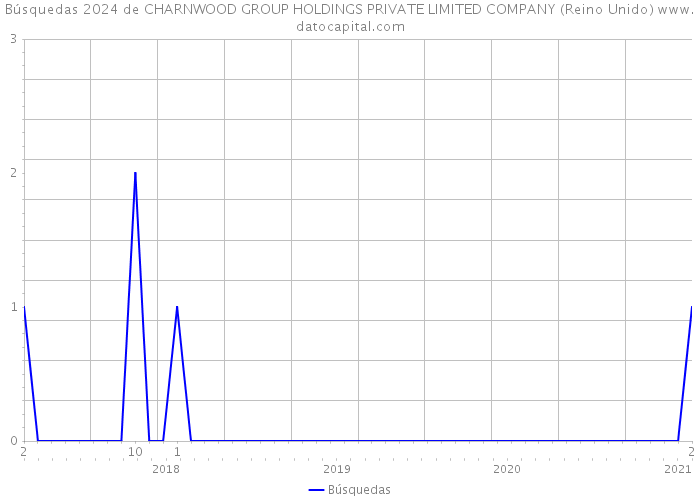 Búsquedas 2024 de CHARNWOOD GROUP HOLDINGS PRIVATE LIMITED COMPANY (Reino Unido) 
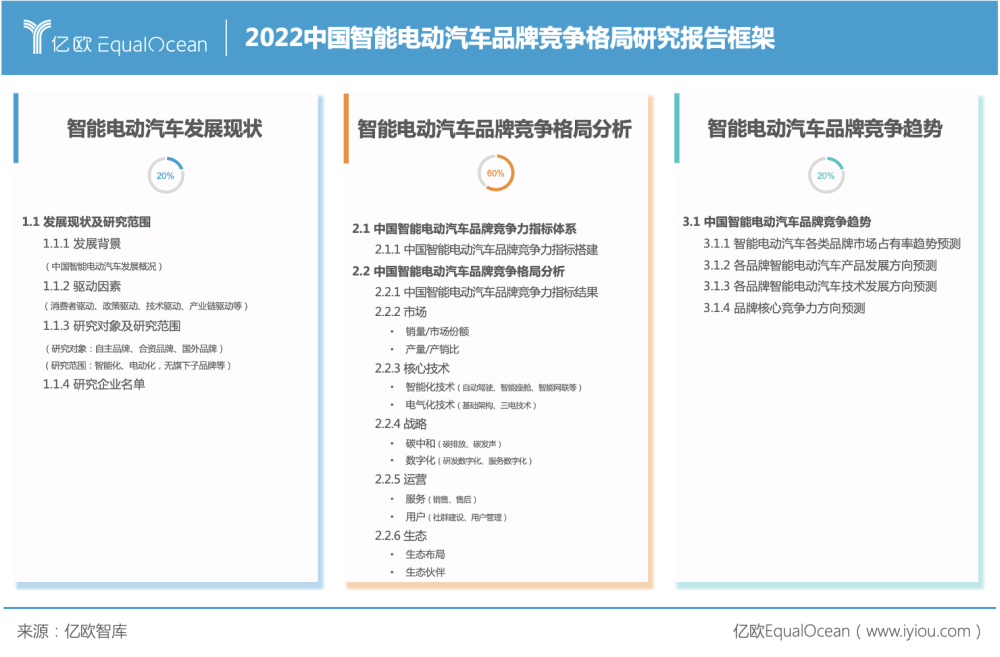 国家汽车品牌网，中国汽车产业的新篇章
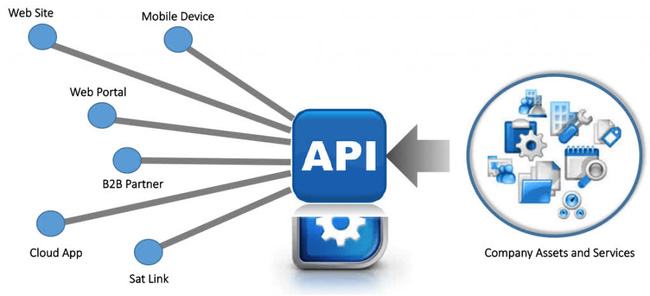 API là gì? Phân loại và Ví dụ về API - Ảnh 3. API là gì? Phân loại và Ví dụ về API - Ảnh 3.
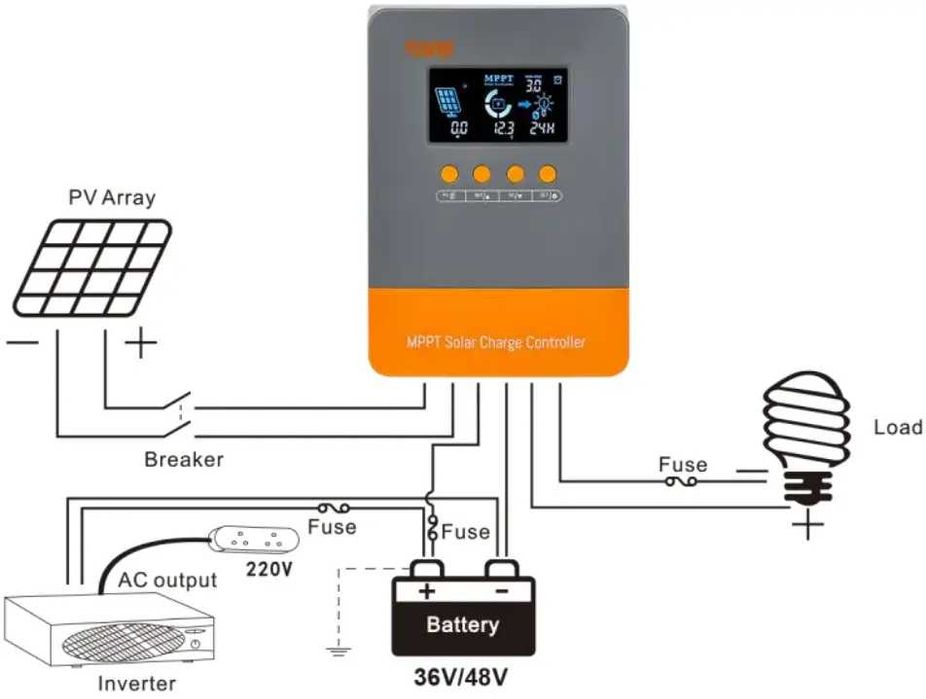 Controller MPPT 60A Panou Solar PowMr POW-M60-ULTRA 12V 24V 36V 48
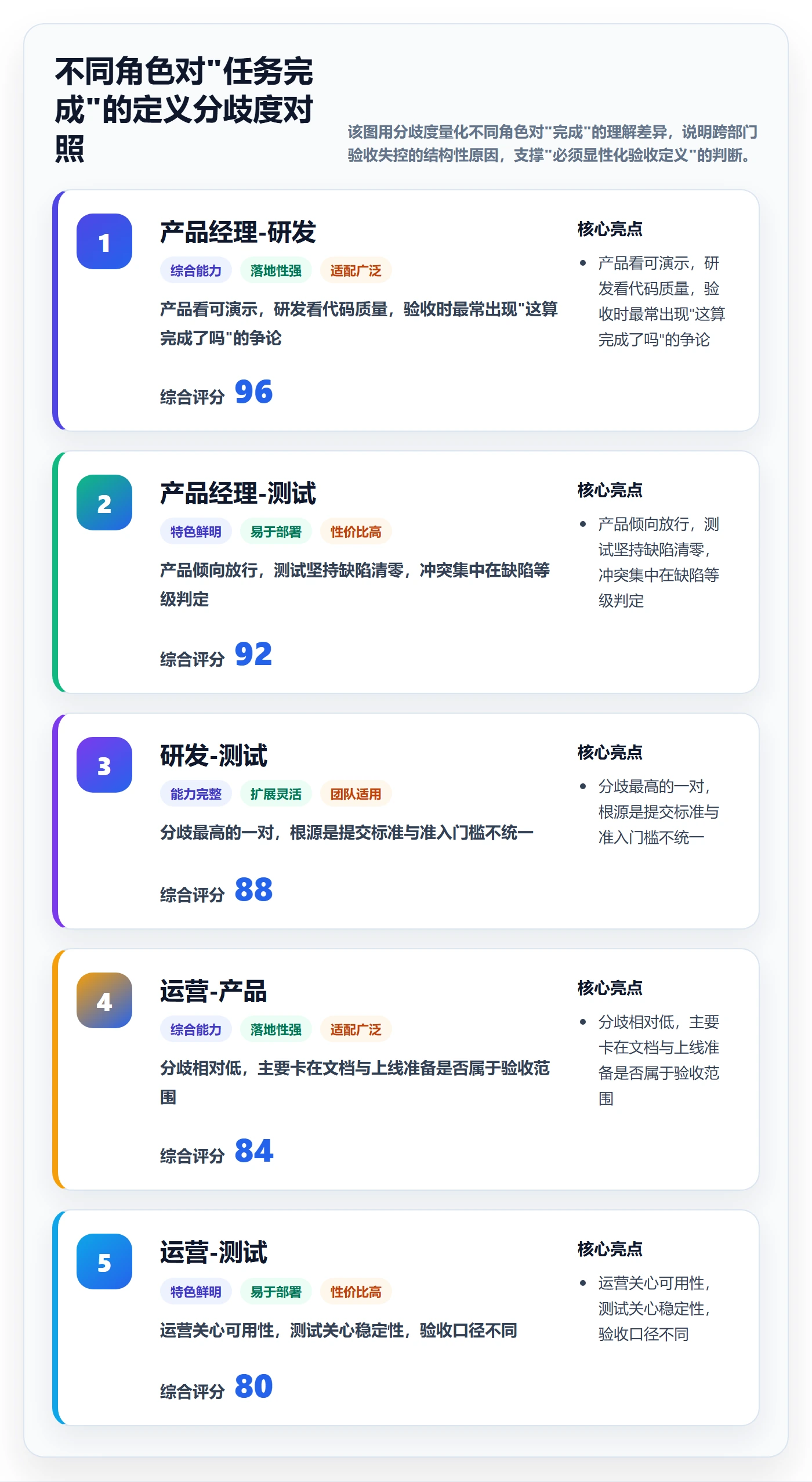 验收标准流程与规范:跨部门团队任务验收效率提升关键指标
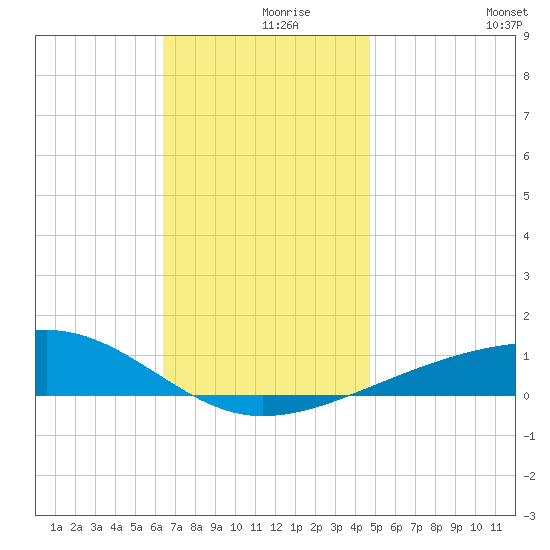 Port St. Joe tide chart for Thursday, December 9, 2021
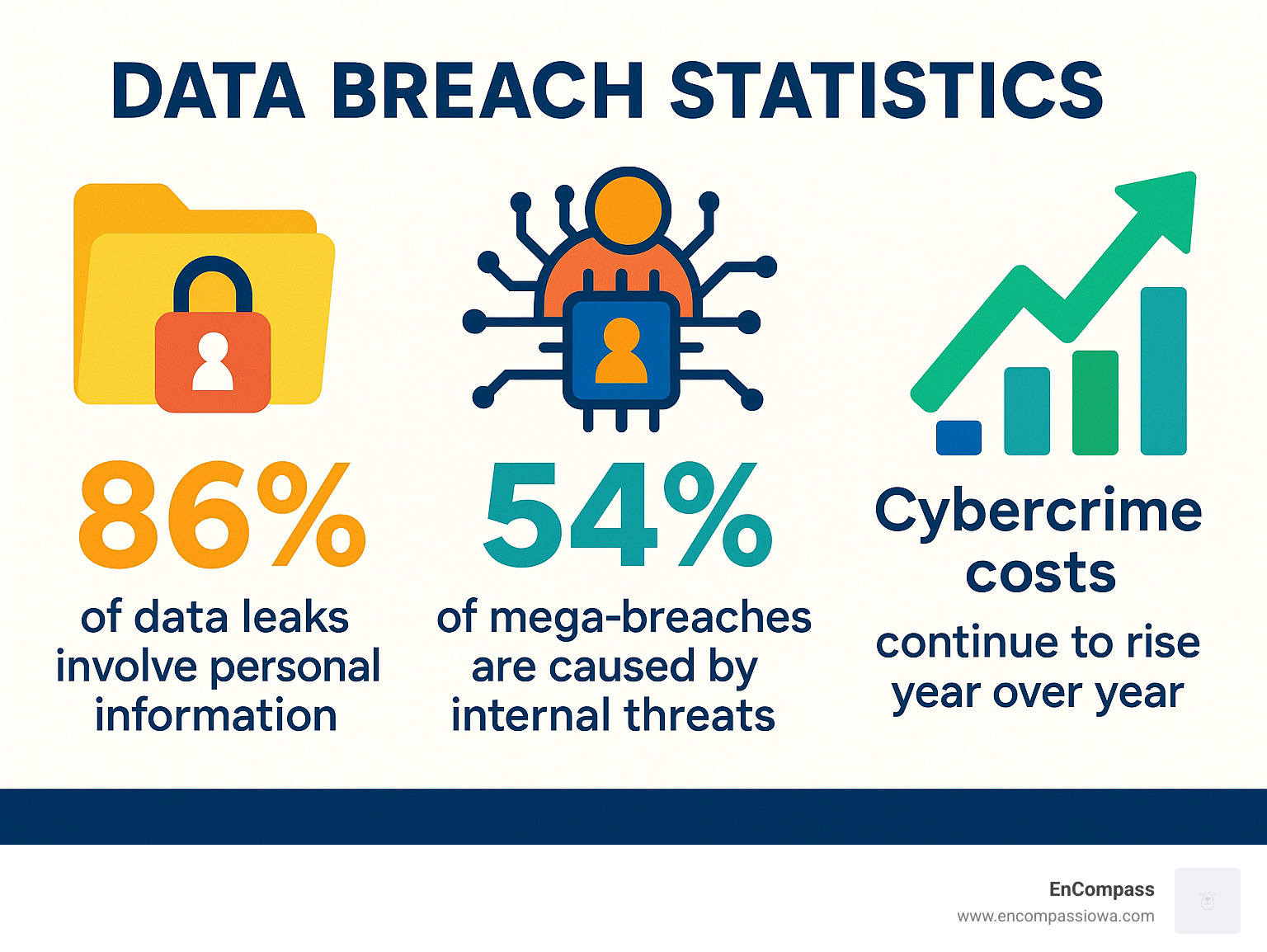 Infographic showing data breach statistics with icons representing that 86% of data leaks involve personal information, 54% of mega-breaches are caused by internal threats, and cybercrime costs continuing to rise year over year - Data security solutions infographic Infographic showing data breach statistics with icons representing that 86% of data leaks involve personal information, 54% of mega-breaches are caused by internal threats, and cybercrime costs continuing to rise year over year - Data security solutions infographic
○ ○ ○ ○ ○ ○ ○
[What is expected]
In the copy, include exactly the lines from the one containing "Controller MPPT 60A" through the last line of the records, and no pictures or other text.

[Response area]
 Controller MPPT 60A Panou Solar PowMr POW-M60-ULTRA 12V 24V 36V 48
 验收标准流程与规范:跨部门团队任务验收效率提升关键指标
 Port St. Joe tide chart for Thursday, December 9, 2021
 Infographic showing data breach statistics with icons representing that 86% of data leaks involve personal information, 54% of mega-breaches are caused by internal threats, and cybercrime costs continuing to rise year over year - Data security solutions infographic Infographic showing data breach statistics with icons representing that 86% of data leaks involve personal information, 54% of mega-breaches are caused by internal threats, and cybercrime costs continuing to rise year over year - Data security solutions infographic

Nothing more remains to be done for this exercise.